Al conocer del asesinato de Enrique Varona, escribió Julio Antonio Mella: “Hermano luchador, ¿quién hubiera podido profetizar tu final trágico? Líder magnífico. Gigante de cuerpo y de pensamiento. Tú estabas hecho para la vanguardia del ejército proletario. Grande como un gladiador, la misma muerte parecía temerte. Tu dirección en las formidables huelgas de los centrales azucareros era una esperanza para el proletariado ávido de nuevas conquistas. ¡Salud, general de los bisoños y rojos ejércitos proletarios de Cuba! Cuando pasen los años y el proletariado destruya las tiranías sociales, tú habrás sido también un precursor”.

Retrospectiva desde 2025

Algunos historiadores y comunicadores intentan en nuestros días maquillar la presidencia de Gerardo Machado dividiéndola en dos etapas: una “buena” (1925-1930) en la cual “respetó las libertades democráticas y los derechos humanos” (sic); y una “mala” (de 1930 hasta su caída en 1933), “al cometer excesos que hicieron olvidar la buena política de obras públicas y otros logros del período anterior”.

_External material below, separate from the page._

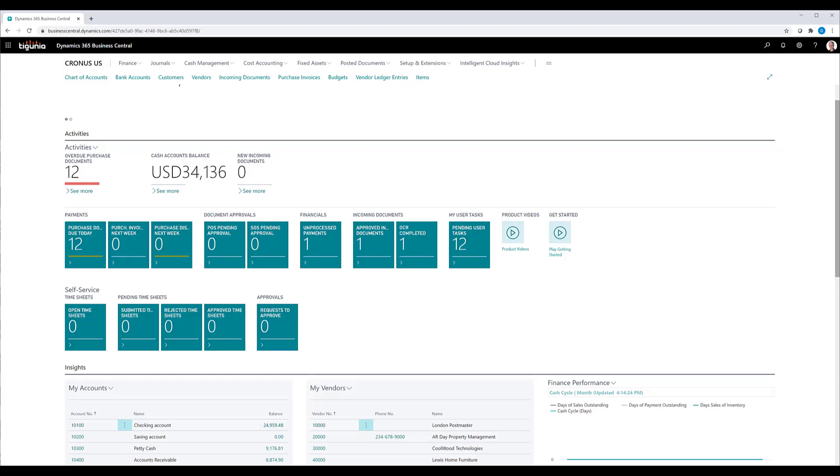Hello and welcome to Dagunya Tip Talk. My name is Dave Weiser, and today we're going to be talking about recurring purchase and sales codes.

Olvidan estos señores no solo los asesinatos de Armando André y Enrique Varona, sino lo sucedido posteriormente: la Ley de Fuga aplicada al líder fabril José Cuxart (1º de octubre de 1925), los más de 40 emigrantes canarios ahorcados sin juicio (marzo-julio de 1926), los colaboradores de Varona González ultimados ese año por “desconocidos” (Tomas Graham, 14 de julio; Baldomero Duménigo, 22 de agosto; Salvador Torres, diciembre).

El sátrapa junto con los traidores al movimiento estudiantil que él promovió a la dirigencia de la FEU.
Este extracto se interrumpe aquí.